And just as with NASCAR, poor leadership and greed has contaminated all aspects of dirt-track racing. While tracks, event producers and conventions decimate what is left of the sport, one has to wonder why race teams continue to pour money into a sport that has deserted them a long time ago, and why racers still have an appetite for an industry that has taken advantage of them for years. What we do know for a fact is that there is little left for the fans to be happy about.
The once-great sport of dirt-track racing has been held hostage for over a decade by track owners and business interests that only seem to benefit the ones who control the sport.
Interestingly, this month, from January 18th-20th, the Motorsports trade show takes place at The Greater Philadelphia Expo Center. With racing teams and people from the car racing industry converging to showcase the sport at a cost of many thousands of dollars for each team to showcase their teams’ cars and accessories they sell.
With some impressive sponsors like Sunoco and Aqua-Duck, the show is spearheaded by Area Auto Racing News (AARN), which is located in Trenton, NJ. AARN publishes a racing newspaper that covers the sport of dirt-track racing. For many years, various Media outlets were shut out of this private club called ‘dirt-track racing.’ The sport shunned and rejected any outside media trying to provide fans with honest coverage of the sport. In recent months local media in New Jersey has questioned why a sport that is crashing would still be abrasive to outside media coverage.

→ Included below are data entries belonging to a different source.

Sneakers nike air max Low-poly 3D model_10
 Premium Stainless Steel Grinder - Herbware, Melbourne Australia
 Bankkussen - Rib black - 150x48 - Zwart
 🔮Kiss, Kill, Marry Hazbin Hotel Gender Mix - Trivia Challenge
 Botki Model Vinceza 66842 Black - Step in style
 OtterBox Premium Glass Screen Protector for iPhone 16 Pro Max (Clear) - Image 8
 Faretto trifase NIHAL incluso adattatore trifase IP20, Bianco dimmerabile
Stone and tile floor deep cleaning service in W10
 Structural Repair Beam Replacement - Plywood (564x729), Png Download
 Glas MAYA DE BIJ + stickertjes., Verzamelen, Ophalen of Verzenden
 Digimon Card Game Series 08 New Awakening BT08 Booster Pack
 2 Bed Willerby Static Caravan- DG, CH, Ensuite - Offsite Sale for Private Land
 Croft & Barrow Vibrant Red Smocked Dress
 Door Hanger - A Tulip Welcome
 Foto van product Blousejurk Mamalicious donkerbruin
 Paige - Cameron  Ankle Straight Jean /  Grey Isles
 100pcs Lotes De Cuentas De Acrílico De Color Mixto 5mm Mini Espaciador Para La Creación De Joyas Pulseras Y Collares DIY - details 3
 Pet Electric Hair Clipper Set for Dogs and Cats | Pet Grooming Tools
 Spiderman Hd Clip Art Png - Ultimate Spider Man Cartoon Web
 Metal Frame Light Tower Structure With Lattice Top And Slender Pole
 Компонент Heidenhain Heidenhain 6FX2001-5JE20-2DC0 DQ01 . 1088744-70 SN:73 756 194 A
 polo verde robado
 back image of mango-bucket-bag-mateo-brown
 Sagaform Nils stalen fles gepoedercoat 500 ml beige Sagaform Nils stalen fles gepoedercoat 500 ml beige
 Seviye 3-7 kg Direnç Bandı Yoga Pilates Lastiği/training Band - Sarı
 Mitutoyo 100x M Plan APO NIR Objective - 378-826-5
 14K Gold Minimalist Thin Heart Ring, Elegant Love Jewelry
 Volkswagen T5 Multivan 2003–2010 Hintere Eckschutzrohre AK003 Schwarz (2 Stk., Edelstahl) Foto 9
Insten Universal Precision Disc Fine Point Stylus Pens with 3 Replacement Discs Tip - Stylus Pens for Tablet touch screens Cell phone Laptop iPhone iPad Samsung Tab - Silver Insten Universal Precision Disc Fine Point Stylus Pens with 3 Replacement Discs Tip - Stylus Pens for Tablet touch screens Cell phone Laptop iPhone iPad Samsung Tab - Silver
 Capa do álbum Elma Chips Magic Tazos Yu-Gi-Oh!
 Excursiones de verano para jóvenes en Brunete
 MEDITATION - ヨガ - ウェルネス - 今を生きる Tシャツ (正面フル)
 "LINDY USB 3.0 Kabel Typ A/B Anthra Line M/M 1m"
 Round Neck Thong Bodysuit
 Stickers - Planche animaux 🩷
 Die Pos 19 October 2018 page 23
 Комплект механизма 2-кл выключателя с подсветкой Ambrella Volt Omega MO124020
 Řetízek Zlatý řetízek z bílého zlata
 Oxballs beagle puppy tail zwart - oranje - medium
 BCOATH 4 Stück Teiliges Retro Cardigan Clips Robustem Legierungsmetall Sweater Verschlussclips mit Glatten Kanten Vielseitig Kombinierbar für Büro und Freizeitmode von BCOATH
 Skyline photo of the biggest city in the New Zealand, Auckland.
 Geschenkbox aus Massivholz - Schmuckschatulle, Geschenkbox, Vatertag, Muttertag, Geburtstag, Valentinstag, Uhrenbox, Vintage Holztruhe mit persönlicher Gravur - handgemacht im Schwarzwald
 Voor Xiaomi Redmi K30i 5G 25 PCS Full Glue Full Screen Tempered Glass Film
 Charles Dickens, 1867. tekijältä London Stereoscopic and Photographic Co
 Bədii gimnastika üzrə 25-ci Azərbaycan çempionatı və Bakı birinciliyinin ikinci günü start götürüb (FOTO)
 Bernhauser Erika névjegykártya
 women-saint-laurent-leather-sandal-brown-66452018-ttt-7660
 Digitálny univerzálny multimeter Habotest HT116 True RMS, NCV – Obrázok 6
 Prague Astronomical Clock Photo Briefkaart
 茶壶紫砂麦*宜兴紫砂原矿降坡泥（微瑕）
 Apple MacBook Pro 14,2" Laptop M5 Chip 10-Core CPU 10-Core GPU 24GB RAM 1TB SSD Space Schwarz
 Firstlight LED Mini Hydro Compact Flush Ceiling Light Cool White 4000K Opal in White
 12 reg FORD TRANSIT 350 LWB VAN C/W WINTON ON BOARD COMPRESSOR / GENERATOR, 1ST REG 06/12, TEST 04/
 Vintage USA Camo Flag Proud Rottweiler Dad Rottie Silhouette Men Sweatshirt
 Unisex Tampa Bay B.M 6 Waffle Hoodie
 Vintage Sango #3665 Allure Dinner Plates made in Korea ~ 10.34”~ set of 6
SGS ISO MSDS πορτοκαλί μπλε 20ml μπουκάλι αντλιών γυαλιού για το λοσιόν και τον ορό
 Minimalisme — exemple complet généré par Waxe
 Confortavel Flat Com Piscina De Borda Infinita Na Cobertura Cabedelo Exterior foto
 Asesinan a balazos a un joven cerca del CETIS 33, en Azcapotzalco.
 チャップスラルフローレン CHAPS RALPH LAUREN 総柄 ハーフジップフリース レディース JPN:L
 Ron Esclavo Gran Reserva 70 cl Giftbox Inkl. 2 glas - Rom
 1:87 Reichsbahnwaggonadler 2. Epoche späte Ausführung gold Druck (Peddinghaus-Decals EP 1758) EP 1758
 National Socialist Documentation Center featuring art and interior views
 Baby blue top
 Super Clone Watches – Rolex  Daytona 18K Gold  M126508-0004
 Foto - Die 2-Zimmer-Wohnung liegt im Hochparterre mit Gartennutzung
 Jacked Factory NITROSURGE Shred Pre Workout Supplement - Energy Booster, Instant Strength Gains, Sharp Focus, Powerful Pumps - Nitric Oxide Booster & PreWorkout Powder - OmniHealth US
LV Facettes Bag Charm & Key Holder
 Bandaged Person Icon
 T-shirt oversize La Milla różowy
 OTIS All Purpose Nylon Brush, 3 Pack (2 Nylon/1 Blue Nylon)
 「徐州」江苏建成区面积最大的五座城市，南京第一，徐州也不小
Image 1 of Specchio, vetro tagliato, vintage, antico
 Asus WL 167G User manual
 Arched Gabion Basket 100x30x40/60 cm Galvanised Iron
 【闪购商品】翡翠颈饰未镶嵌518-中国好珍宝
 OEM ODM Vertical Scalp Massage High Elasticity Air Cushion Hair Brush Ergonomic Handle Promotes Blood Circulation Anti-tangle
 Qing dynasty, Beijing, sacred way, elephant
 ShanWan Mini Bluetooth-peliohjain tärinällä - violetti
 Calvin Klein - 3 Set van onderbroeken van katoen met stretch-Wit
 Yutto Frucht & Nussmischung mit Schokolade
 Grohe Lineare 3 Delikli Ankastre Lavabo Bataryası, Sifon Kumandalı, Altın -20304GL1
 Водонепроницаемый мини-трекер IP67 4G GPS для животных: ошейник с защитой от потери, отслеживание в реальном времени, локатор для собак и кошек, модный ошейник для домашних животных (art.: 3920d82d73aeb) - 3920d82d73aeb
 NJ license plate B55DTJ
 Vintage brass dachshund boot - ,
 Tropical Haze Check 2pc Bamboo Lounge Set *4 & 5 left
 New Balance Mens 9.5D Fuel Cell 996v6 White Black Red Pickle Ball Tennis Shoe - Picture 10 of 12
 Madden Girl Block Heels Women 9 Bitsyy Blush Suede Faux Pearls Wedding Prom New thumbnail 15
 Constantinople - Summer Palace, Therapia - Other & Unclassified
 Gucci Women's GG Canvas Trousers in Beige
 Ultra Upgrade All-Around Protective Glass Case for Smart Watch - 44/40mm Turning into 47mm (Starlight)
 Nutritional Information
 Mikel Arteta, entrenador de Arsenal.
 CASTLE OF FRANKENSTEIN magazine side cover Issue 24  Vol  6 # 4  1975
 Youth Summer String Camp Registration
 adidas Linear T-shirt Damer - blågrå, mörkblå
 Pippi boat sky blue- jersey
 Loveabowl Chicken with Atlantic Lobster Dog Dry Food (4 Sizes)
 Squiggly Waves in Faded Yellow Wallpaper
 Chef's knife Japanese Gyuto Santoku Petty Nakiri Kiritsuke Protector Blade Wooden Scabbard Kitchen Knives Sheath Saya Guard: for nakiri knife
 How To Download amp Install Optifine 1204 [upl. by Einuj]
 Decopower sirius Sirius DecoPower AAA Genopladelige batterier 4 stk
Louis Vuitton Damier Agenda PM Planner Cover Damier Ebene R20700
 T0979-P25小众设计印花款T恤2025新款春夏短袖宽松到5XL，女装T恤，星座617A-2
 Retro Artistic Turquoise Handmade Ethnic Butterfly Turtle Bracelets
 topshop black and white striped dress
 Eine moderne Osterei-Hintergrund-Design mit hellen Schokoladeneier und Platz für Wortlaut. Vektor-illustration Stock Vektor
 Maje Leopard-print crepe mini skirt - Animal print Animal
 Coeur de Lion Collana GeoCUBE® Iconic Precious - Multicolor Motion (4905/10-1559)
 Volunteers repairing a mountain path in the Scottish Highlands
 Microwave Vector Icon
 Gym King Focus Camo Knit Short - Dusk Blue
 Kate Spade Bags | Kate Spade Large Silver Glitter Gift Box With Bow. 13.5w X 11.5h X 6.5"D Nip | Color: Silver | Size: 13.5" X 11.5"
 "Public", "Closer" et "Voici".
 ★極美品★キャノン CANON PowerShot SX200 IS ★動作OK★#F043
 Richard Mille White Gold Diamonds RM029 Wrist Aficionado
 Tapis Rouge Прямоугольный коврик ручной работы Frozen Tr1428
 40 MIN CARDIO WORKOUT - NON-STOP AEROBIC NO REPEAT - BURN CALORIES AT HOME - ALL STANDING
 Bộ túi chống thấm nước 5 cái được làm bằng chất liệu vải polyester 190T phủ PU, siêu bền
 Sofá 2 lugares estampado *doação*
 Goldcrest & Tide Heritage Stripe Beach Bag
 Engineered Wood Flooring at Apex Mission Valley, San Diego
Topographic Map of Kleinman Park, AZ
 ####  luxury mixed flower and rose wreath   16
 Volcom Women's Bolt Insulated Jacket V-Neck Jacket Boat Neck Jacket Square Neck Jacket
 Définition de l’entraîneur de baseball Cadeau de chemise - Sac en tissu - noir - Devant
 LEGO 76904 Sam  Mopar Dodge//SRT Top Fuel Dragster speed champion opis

Here is a fun fact: AARN owns Bill’s Printing Service, which
produces the newspaper that showcases what they choose to report as “news” in the racing world. In effect, they control the sport and report on what they consider the outcome should be. That same stranglehold can be found thoughout the East Coast tracks that continue to hold hostage a sport that is riding in quicksand. It is sad that AARN holds such control of the dirt-track racing convention at the end of the month, and that inquiries from local news and radio shows in New Jersey have been shut out and discriminated against from covering the event.
Press credentials are offered on the Moto Sports website, yet local media not afiliated with the sport are given excuse after excuse as to why New Jersey state media is being denied credentials for this event.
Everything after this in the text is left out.